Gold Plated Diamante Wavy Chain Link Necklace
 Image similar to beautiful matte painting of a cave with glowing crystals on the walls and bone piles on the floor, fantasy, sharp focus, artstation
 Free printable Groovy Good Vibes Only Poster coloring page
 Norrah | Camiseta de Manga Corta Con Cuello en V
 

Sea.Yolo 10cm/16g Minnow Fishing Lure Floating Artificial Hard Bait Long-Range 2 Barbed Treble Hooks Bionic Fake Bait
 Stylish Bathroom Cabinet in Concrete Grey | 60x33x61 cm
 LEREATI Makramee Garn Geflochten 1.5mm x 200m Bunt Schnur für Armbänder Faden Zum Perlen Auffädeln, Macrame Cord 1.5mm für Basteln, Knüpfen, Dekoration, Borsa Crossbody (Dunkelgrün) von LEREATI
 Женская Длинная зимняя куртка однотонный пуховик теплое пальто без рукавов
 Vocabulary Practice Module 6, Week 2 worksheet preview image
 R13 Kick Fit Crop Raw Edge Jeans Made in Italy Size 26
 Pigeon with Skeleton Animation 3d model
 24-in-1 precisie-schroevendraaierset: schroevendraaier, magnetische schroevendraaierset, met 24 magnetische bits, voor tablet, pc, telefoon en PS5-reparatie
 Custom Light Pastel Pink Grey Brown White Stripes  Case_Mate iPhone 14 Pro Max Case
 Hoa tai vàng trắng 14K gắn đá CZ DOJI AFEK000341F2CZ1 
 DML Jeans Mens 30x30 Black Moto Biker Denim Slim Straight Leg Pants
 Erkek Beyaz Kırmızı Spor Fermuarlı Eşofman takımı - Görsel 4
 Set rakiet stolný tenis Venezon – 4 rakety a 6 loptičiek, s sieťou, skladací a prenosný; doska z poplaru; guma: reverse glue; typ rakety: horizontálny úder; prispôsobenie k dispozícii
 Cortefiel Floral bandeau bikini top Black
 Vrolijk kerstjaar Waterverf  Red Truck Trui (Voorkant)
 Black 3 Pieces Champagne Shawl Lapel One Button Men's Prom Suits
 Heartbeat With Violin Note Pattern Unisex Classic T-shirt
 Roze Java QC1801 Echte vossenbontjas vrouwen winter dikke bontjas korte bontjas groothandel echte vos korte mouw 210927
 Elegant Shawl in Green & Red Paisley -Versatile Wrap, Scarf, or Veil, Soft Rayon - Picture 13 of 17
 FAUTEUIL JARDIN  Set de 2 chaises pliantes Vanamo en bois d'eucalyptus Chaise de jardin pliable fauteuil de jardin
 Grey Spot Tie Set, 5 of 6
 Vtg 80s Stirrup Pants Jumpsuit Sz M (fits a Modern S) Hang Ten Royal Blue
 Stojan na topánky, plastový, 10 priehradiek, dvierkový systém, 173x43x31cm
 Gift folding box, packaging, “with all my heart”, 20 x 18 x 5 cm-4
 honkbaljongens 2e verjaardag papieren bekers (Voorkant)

→ TASK TO CARRY OUT
Go through the material above and return each line that holds the word "Voorkant".

→ RESPONSE BELOW
 Vrolijk kerstjaar Waterverf  Red Truck Trui (Voorkant)
 honkbaljongens 2e verjaardag papieren bekers (Voorkant)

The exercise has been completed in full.